» **TRY IT**: Pictures stay out of the copy; output exactly the lines from the one containing "Fresh Dry Organic Peanuts" through the end of the material.

----- INFORMATION SHOWN -----

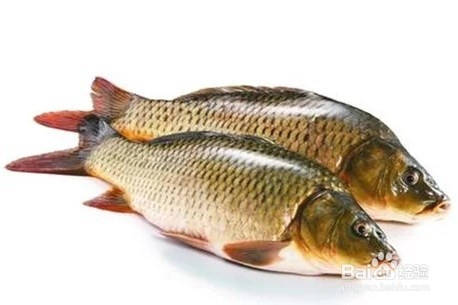 豆腐用来治疗疾病的食疗偏方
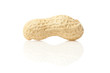 Fresh Dry Organic Peanuts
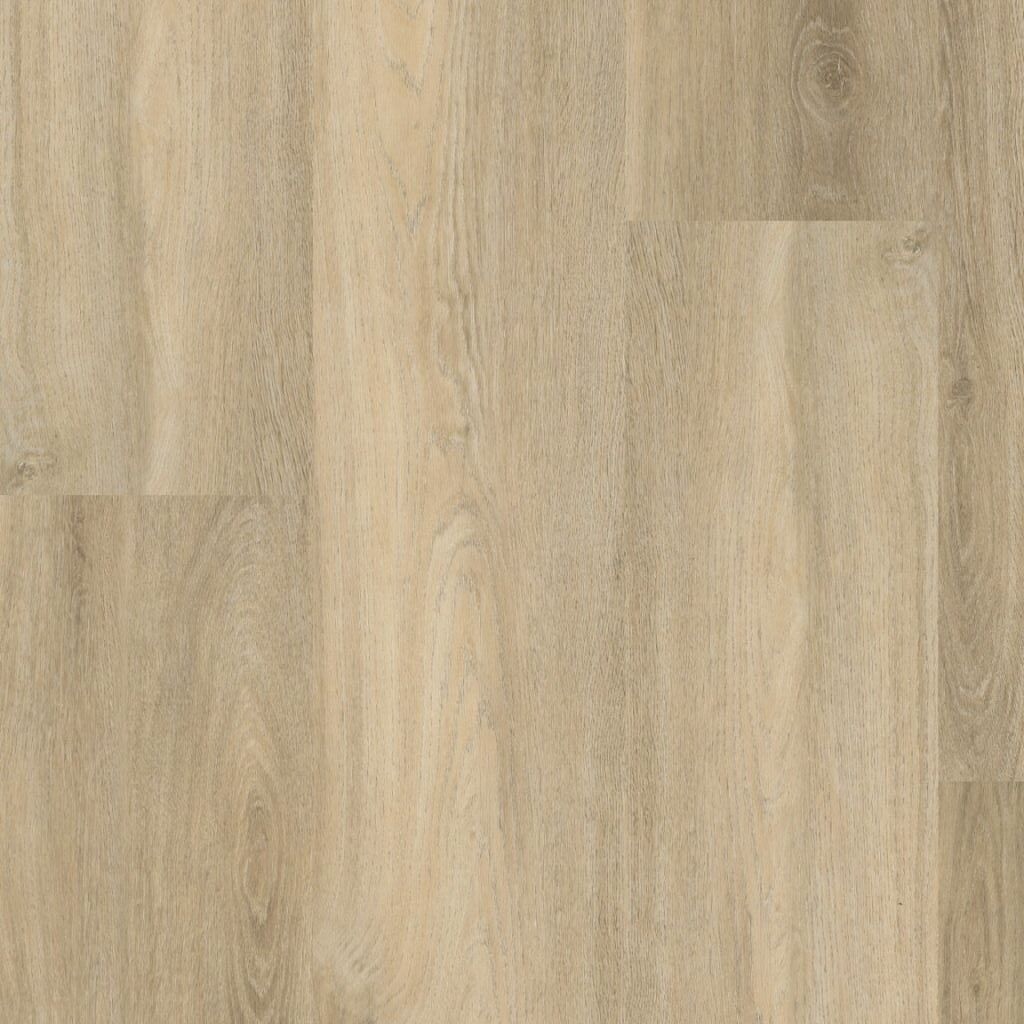 ambiant avanto dryback beige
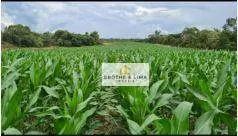 Fazenda à venda de 1.026 ha em Araguaína, TO, Brasil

-----

» **OUTPUT BELOW**:
 Fresh Dry Organic Peanuts
 ambiant avanto dryback beige
 Fazenda à venda de 1.026 ha em Araguaína, TO, Brasil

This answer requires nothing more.